**MATERIALS PROVIDED**
========
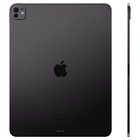 Планшет Apple iPad Pro 2024 A2925 M4 9C RAM8Gb ROM512Gb 13" OLED 2752x2064 iOS черный космо 107747 - фото 51657330 Планшет Apple iPad Pro 2024 A2925 M4 9C RAM8Gb ROM512Gb 13" OLED 2752x2064 iOS черный космо 107747 - фото 51657330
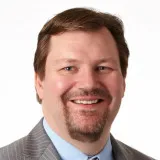  Lawyer Jason J. Paupore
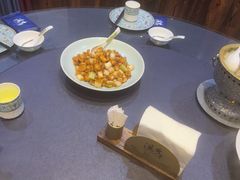 -满乡小馆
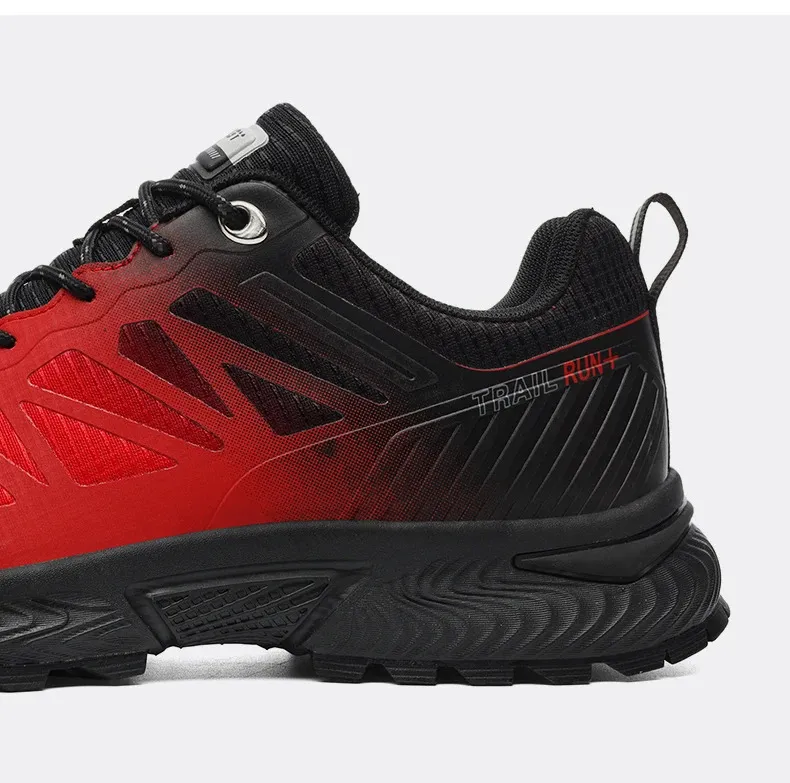 Men Waterproof Trail Running Sneakers Sports Jogging Trainers Sport Shoes Outdoor Walking Athletic Plus Big Size 54 53_voghion.com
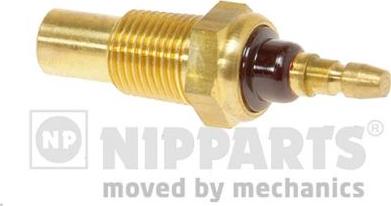 Nipparts J5624000 - Senzor,temperatura lichid de racire aaoparts.ro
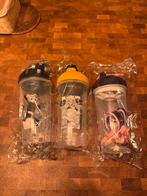 Waifu cups, Sports & Fitness, Gourdes d'eau, Enlèvement ou Envoi, Comme neuf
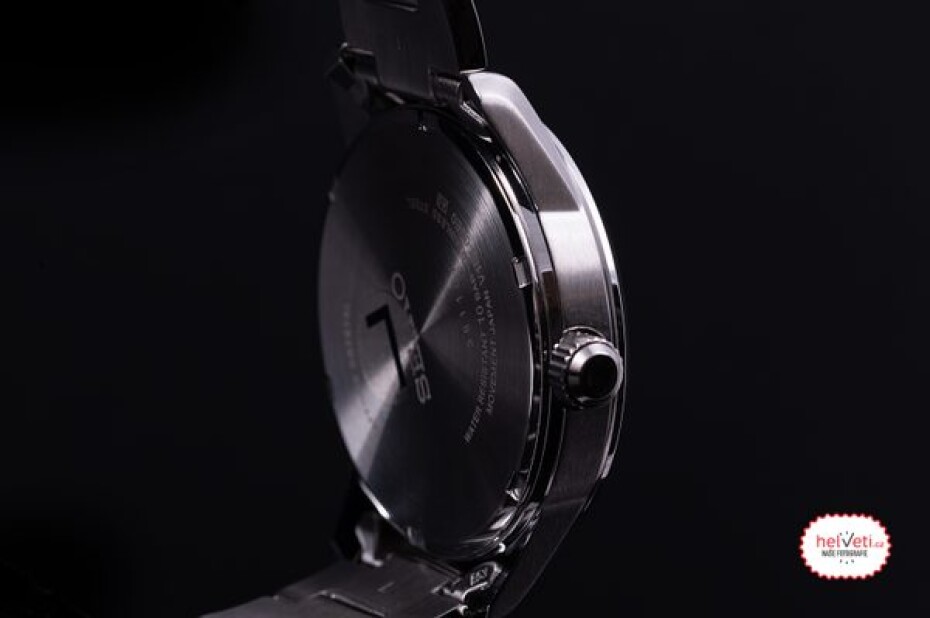 Seiko SNE525P1 - main (7)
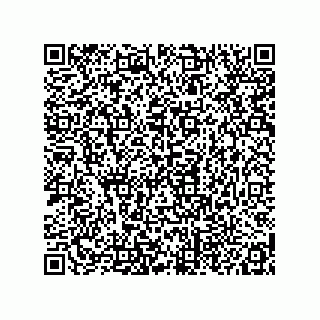 vCard 73499555187
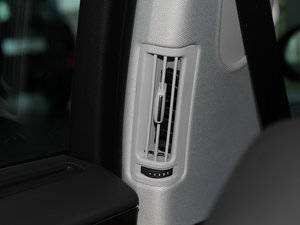 201435 FSI quattroA g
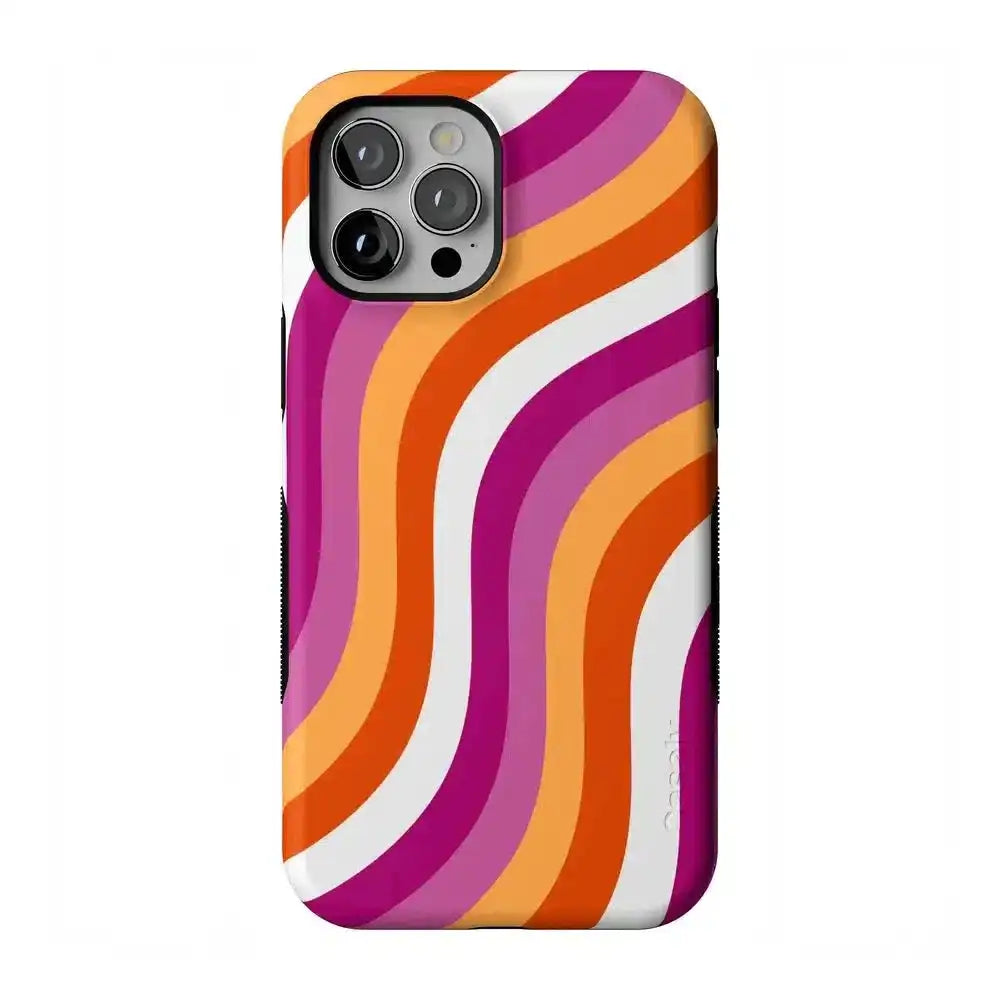 shopcaselyus.com
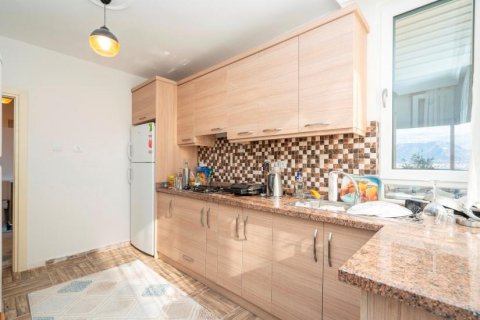 Apartment for sale  in Alanya, Antalya, Turkey, 100m2, No. 209974 – photo 9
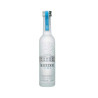 Belvedere Night Saber Vodka 3000mL 3 L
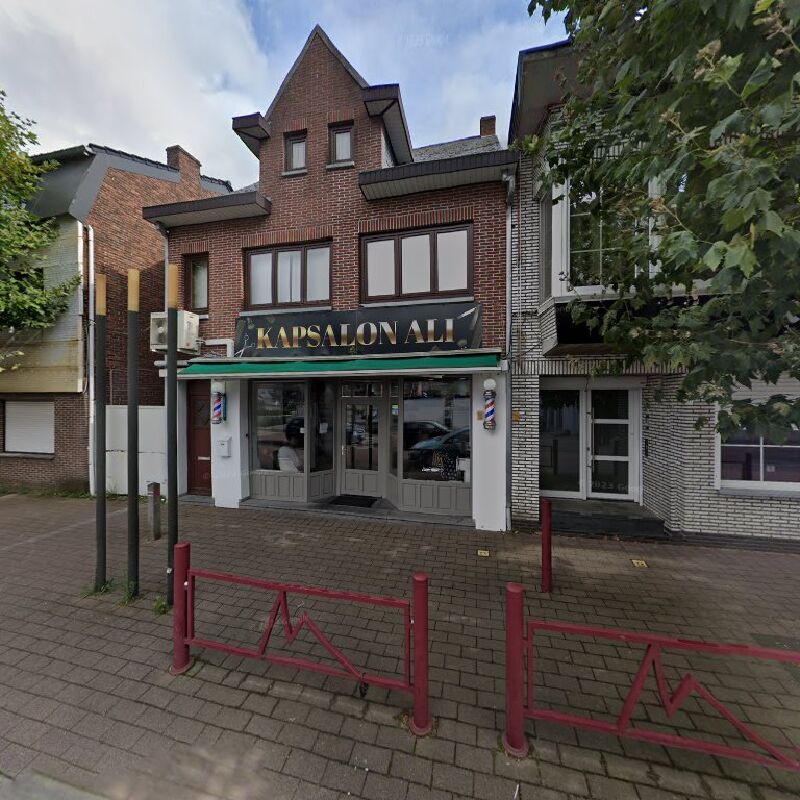 Foto van Lya Beauty Salon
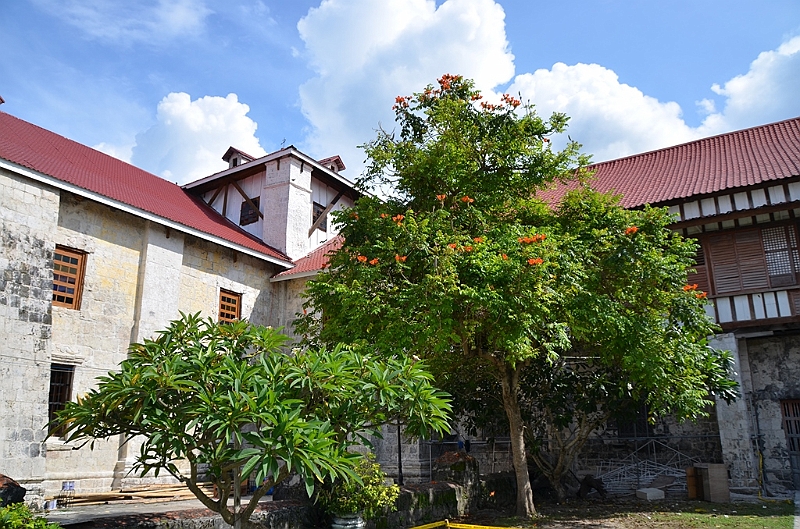 179_Philippines_Bohol_Baclayon_Church.JPG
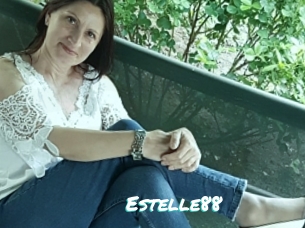 Estelle88
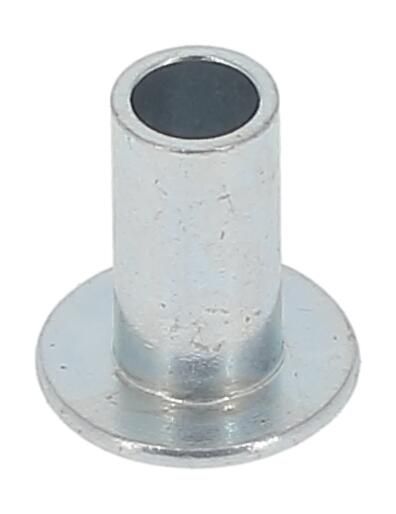 Nit, material frictiune saboti frana BERAL 93251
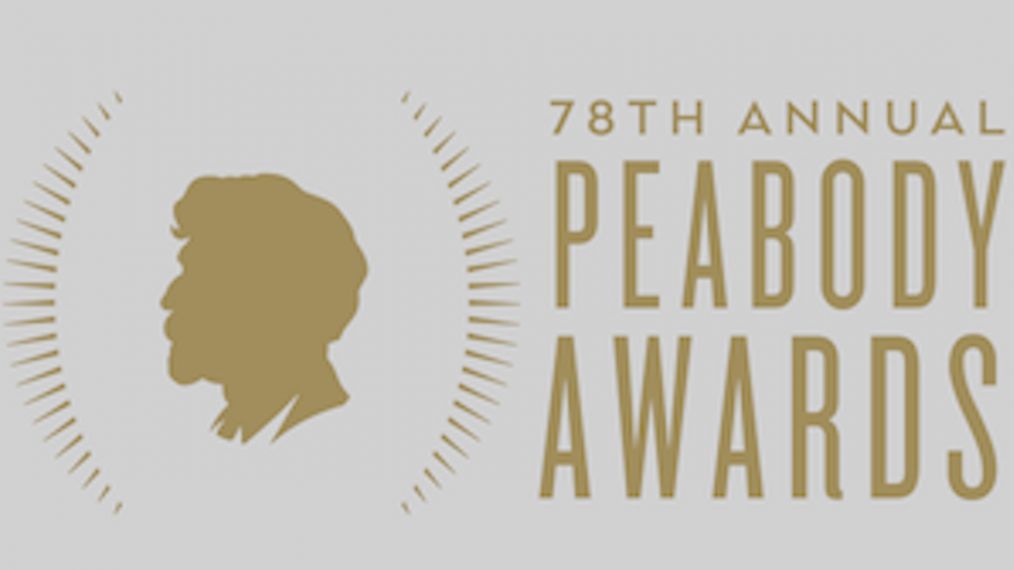 peabody-awards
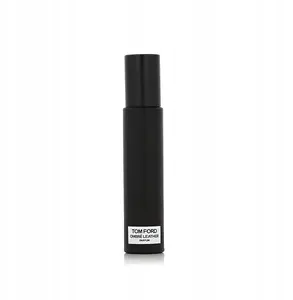Parfumsprejs Tom Ford Ombré Leather 10 ml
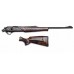 Карабин Browning Maral HC 9.3x62 Карабин Browning Maral HC 9.3x62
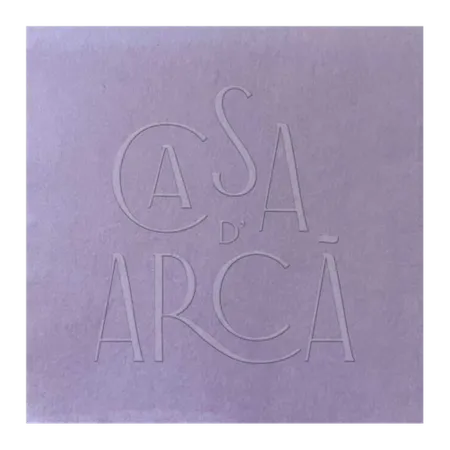 Custom Embossed Luncheon Napkin - Imprint Now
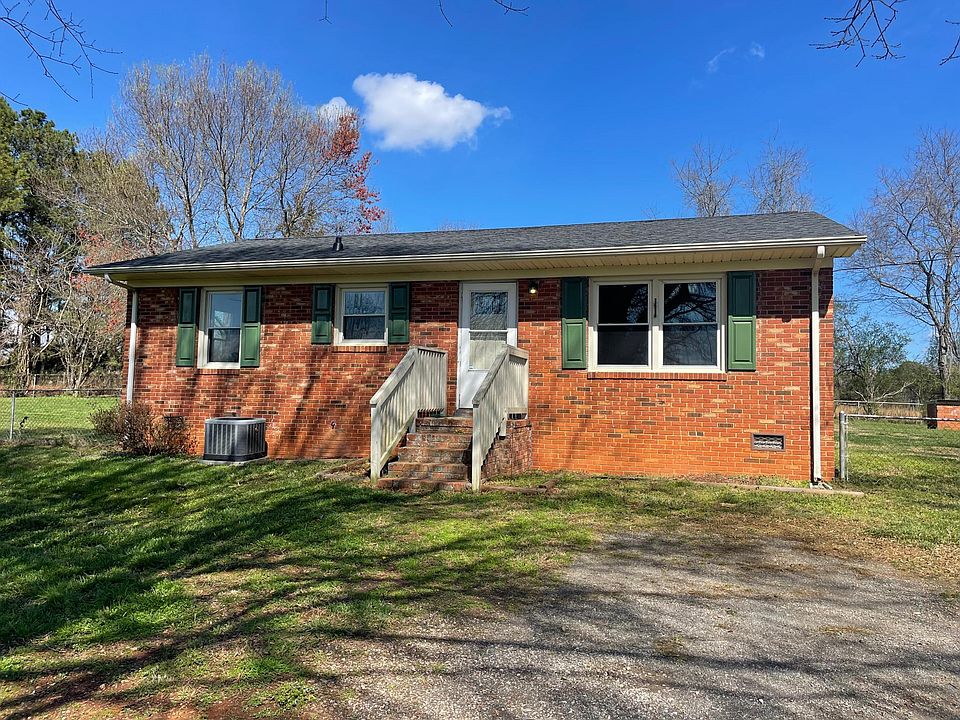 2386 Gaston bs Chapel Rd, Lincolnton, NC 28092 Zillow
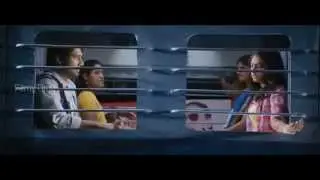 Ee Varsham Sakshiga 2014 Telugu Movie Trailers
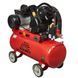 Компрессор воздушный Vitals GK50.j65v2-8a 160118 фото 1
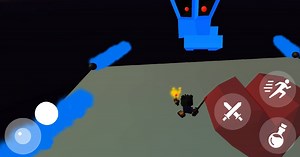 Download & Play Cool Cave on PC & Mac (Emulator)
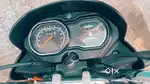 New bike s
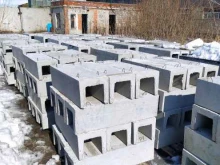 производственная компания Лоток55 в Омске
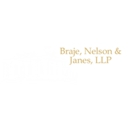 Braje Nelson And Janes LLP - Estate Planning Attorneys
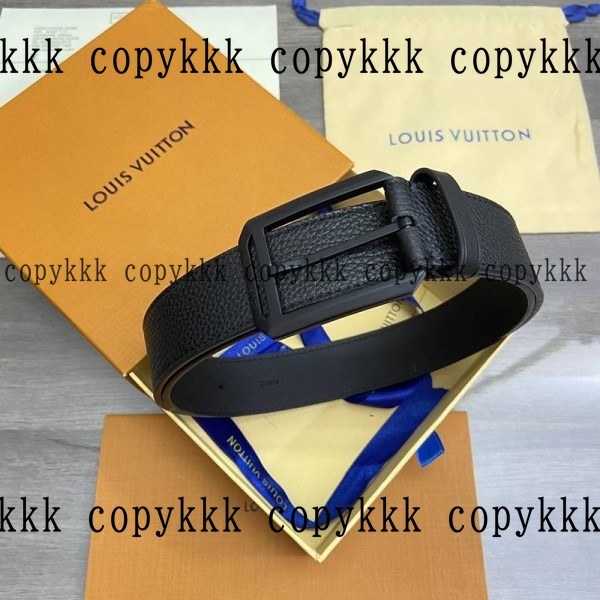 人気 ルイ・ヴィトン ベルト N級品 - belts-00316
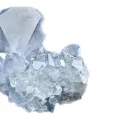 Τσελεστίνης
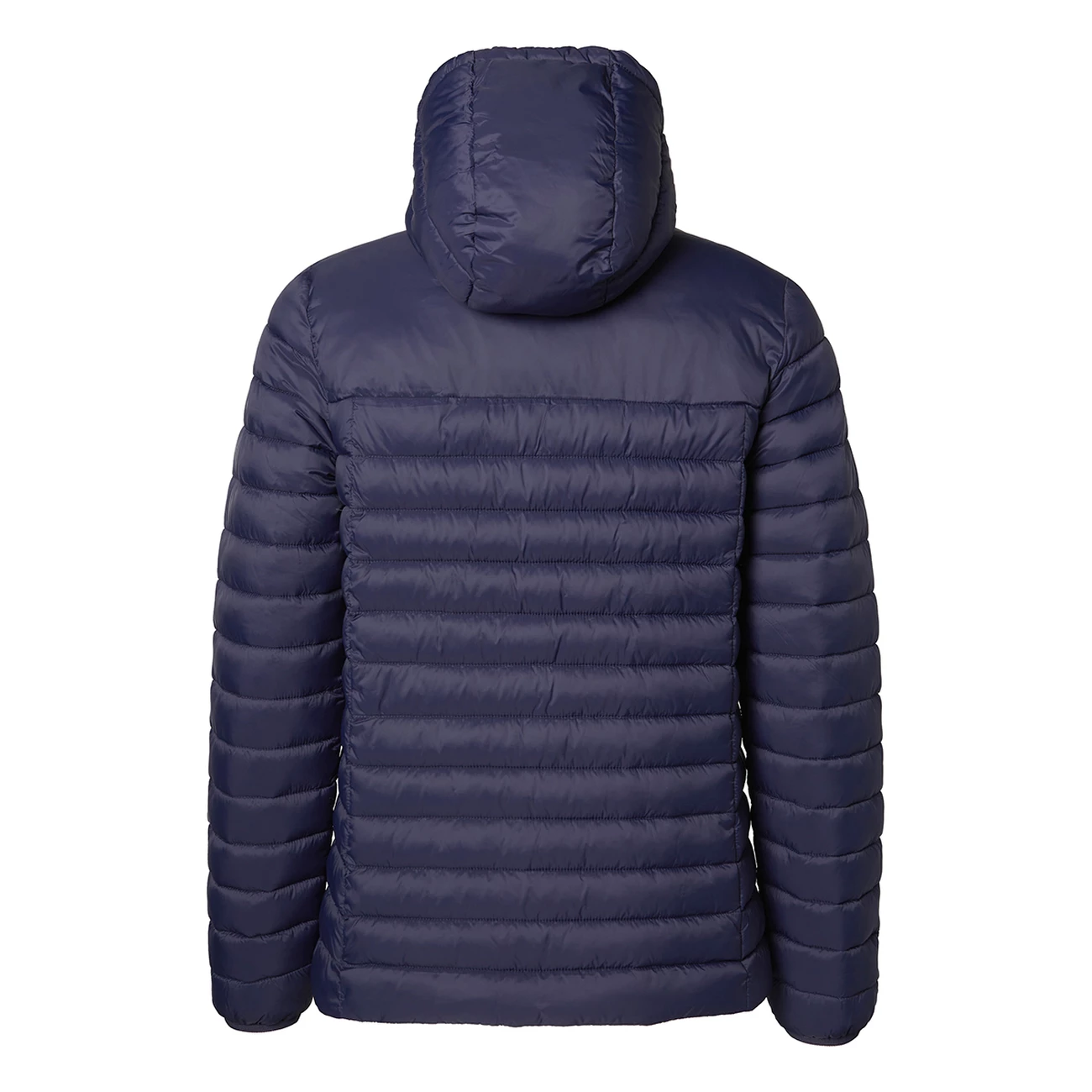 Remise 😀 Rugby Garçon Kappa Veste Lamezio Ubb Rugby - Bleu - Pour Garçon BLEU ⭐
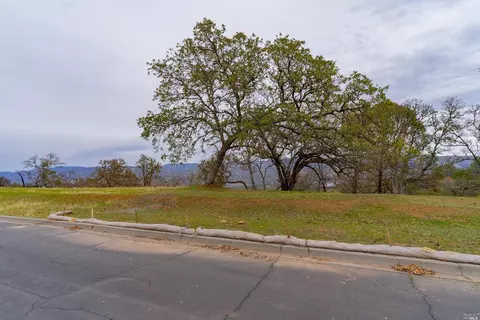 0 Westridge Lot Apt 245 Dr, Napa, CA 94558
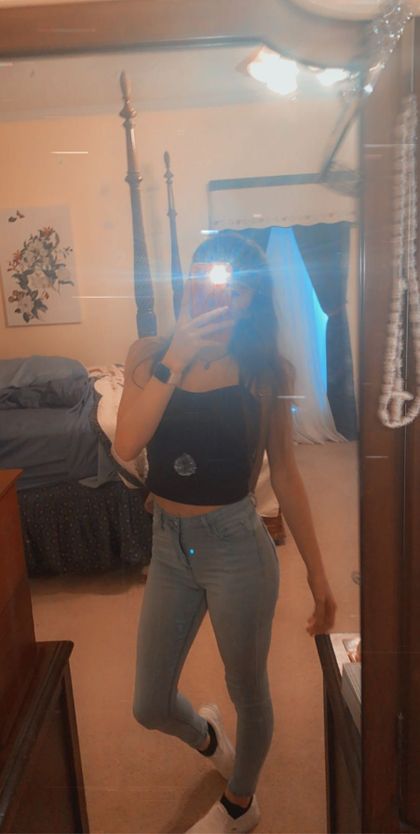 nikkiterry1203 OnlyFans picture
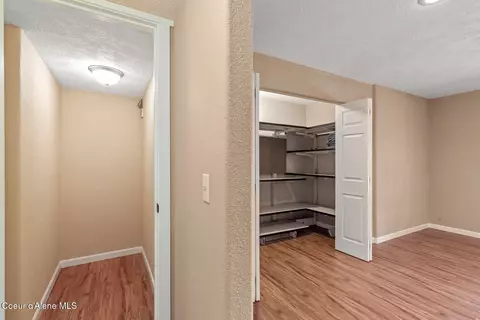 Other - 14802 N Mobbs Rd, Hauser, ID 83854 photo 19 of 23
========
Repeat the listing above up to and including the line with "Nipparts J5624000 - Senzor,temperatura", starting from its first line. Drop any pictures.

**SOLUTION TO THIS TASK**
 Планшет Apple iPad Pro 2024 A2925 M4 9C RAM8Gb ROM512Gb 13" OLED 2752x2064 iOS черный космо 107747 - фото 51657330 Планшет Apple iPad Pro 2024 A2925 M4 9C RAM8Gb ROM512Gb 13" OLED 2752x2064 iOS черный космо 107747 - фото 51657330
  Lawyer Jason J. Paupore
 -满乡小馆
 Men Waterproof Trail Running Sneakers Sports Jogging Trainers Sport Shoes Outdoor Walking Athletic Plus Big Size 54 53_voghion.com
 Nipparts J5624000 - Senzor,temperatura lichid de racire aaoparts.ro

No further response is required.